Freedom of speech protects the right to speak but also protects against being forced to speak, Cole said.
“The government can’t tell you you have to say the Pledge of Allegiance. The government can’t say you have to put up a Donald Trump flag in front of your house,” he said. In this instance, he explained, “The government is requiring elected officials and candidates to say, My net worth is _____ and give a number. And they’re not allowed to say, None of your business. That is quintessential compelled, content-based speech. And under the U. S. Constitution, that's only allowed if the government can meet a very high standard.”
Under that standard, the state had to demonstrate that the additional information provided by Form 6 was necessary, more effective and less burdensome for reducing ethics complaints about municipal officials than the information the officials had been providing.
Since the Sunshine Amendment was added to the Florida Constitution in 1976, elected municipal officials had been submitting Form 1, which lists employers, major assets and primary income sources. Under SB 774, sponsored by Republican State Sen. Jason Brodeur who represents part of Orange County, municipal leaders were going to be required to fill out Form 6 by July 1, listing net worth, business clients and assets and liabilities over $1,000. The governor, state and county legislators and school board officials fill out Form 6. Fines for not filing financial disclosure forms can reach $1,500.
Brodeur told the Palm Beach Post in December that the law would put municipal officials on par with “everyone else” in public office and increase transparency.
Cole scoffs at that. Gov. Reuben Askew, the driver behind the Sunshine Amendment, “was the biggest transparency guy,” he said. When the constitutional amendment was drafted, state elected officials and constitutional officers were specifically included and municipal officials excluded. “The next year, the state legislature passed a state statute to include municipal officials, and Gov. Askew vetoed it because cities are different than counties and different than states,” Cole said. “They’re much smaller, and there’s less money involved. A lot of [municipal officials] don’t even get paid. So to require them to fill out this form is a lot different than counties or state officials.”
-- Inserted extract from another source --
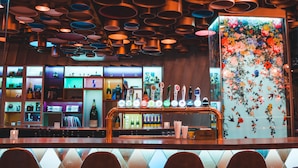 A bar area with multiple shelves displaying bottles and a variety of items. - Hotel Classique (Québec City)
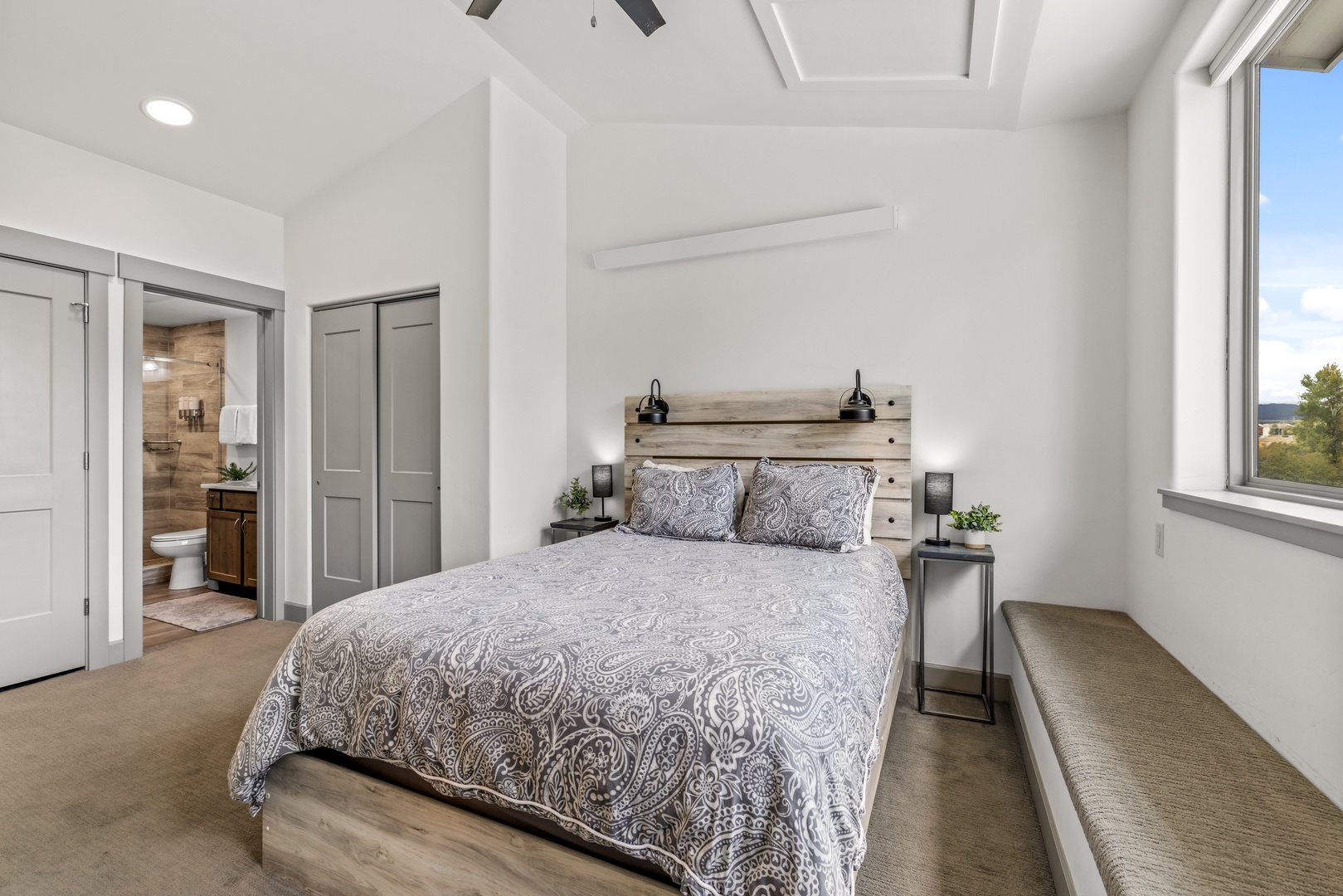 Relax in your peaceful bedroom with vaulted ceilings, warm modern touches, and a bright window that frames the natural beauty outside.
Judge Damian apparently agreed. In her withering opinion, she cited Brodeur for not having “empirical data or studies to support his opinion” and faulted the legislature for not doing its due diligence in researching whether “the information required by Form 6 is necessary or relevant” to reducing ethics complaints. “Defendants have not demonstrated a relationship between the interest of protecting against the abuse of the public trust and SB 774’s fulsome financial disclosure requirements …”
“Form one is certainly sufficient,” Cole said. “It discloses the sources of income. It identifies the assets. And that's what is the closest linkage to ethics issues,” Cole said. “The amount of net worth or the exact value of assets and the amount of liabilities and the amount of income has no bearing on any ethics issues.”
Asked whether they will appeal the preliminary injunction, Commission on Ethics spokesperson Lynn Blais said they don't comment on pending litigation.